Hunter

51hqD5Kb6PL._SX334_BO1,204,203,200_The Diseray, a nearly apocalyptic war between Othersiders and humans, has completely altered life on Earth in Mercedes Lackey’s new novel, Hunter.  After the Diseray, the world was rebuilt, laid out to protect the elite from monsters that began to cross over from the Otherside, invading Earth with frequency and with impunity.  Mythical beasts like Harpies, Furies, and Kraken, and multiple other manifestations of terror—like Knockers, Gazers, Jackals, Drakken, Ketzels, and Redcaps—have made Hunters necessary protection.

In this new world, where most meat is vat-grown and eggs and dairy are synthesized from vegetable oils, economic disparity is glaringly obvious.  Real meat, eggs, and dairy are luxury items reserved for those living a protected life behind the Barriers in cities like Apex.  Among these Cits, as they are called, one in 100 or 200 persons is born with the ability to do magic, to call their hounds, and to defend ordinary people from the monsters of the Breakthrough.

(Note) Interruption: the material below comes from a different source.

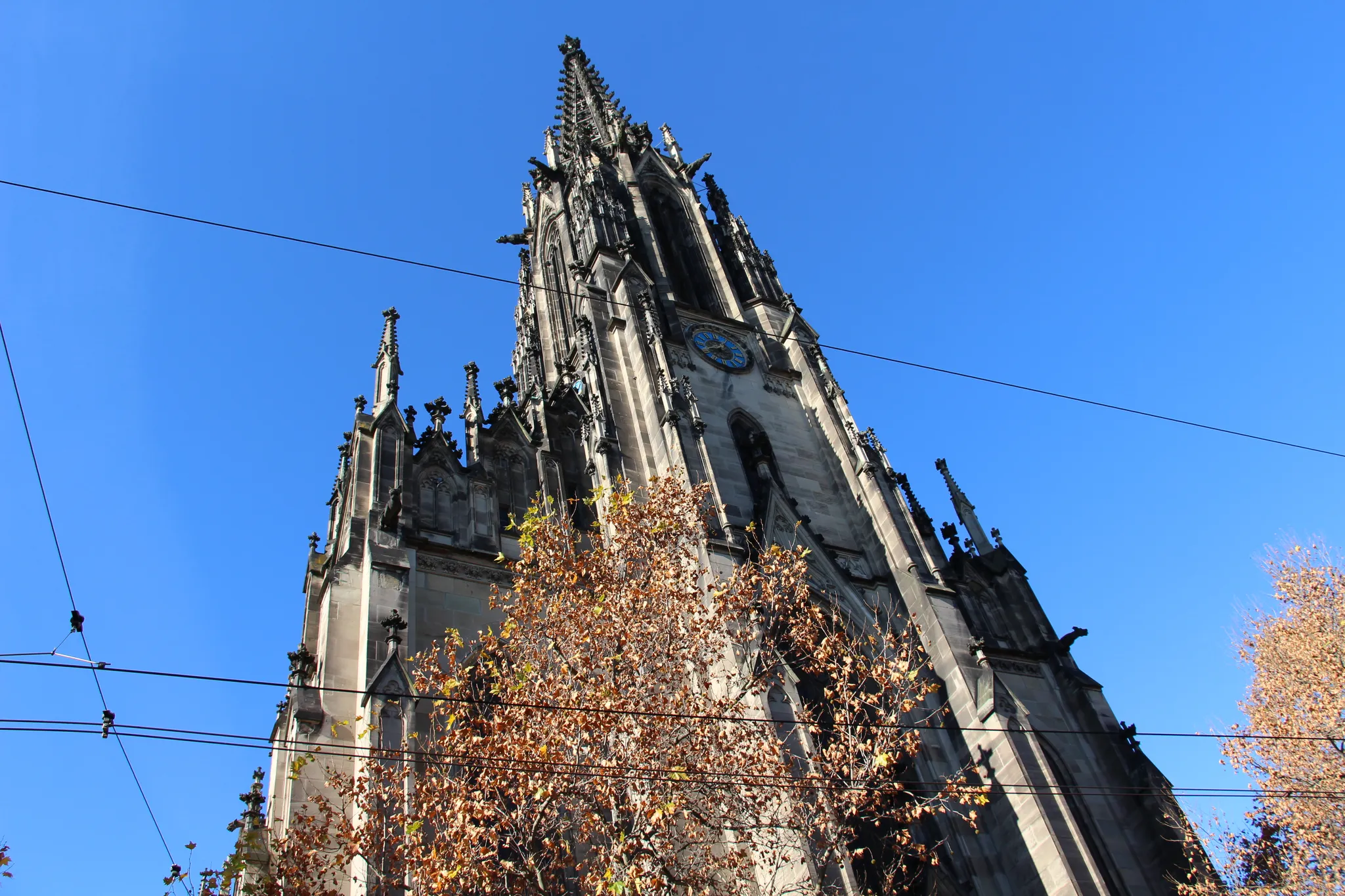 Elisabethenkirche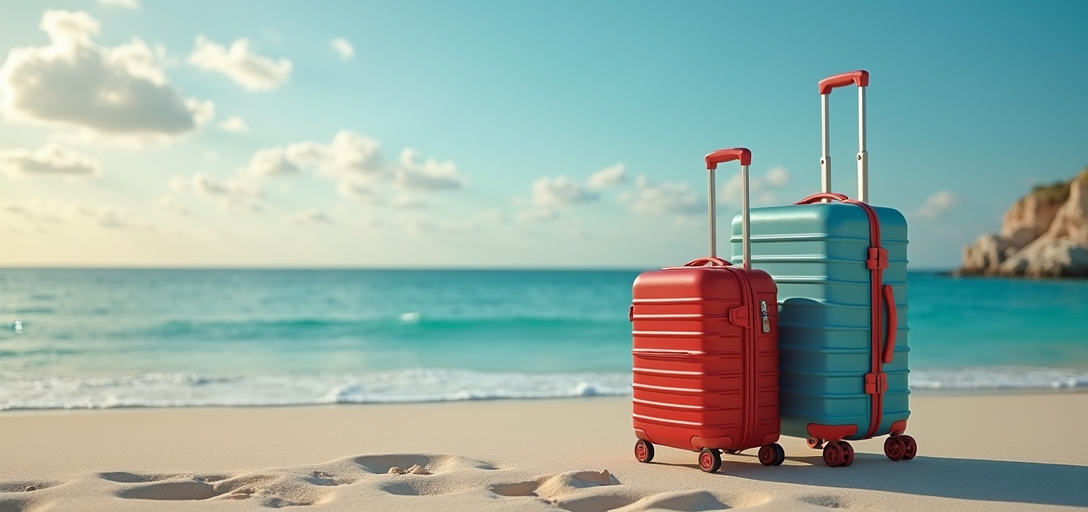Top Luggage Brands to Consider for Your Next Overseas Adventure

One of these Hunters, sixteen year old Joyeaux Charmand, has been summoned from her mountain home at the Monastery to join the defense team at Apex Prime.  At Apex, Joy experiences more luxury than she is used to, and this “life out of balance” (115) makes her uneasy.  On the mountain, where she learned to manage her magic from Kedo Patli, a Native American Master Mage from Mexico, Joy learned to “eat it up, wear it out, make it do or do without” (102).  This previous lifestyle of ascetic simplicity taught her the value of hard work, conservation, collaboration, and selflessness.

At Apex, she joins a competitive team of other Hunters, like Karly and White Knight—a Christer who shares an interesting perspective about the Diseray.  Away from the Monastery, the focus is on trending, ranking, and vidding—filming the Hunters and airing live video feeds.  She also meets her love interest, Josh Green, a Psimon who can hear and project another’s thoughts.  But she’s leery of someone with the potential to see inside her head, unsure if he can be trusted.  She also encounters bullies like Ace, a stunningly handsome, more rockstar than Hunter, rival.  With Ace, Joy applies her monastic training: “Deflection is more efficient than opposition” (114).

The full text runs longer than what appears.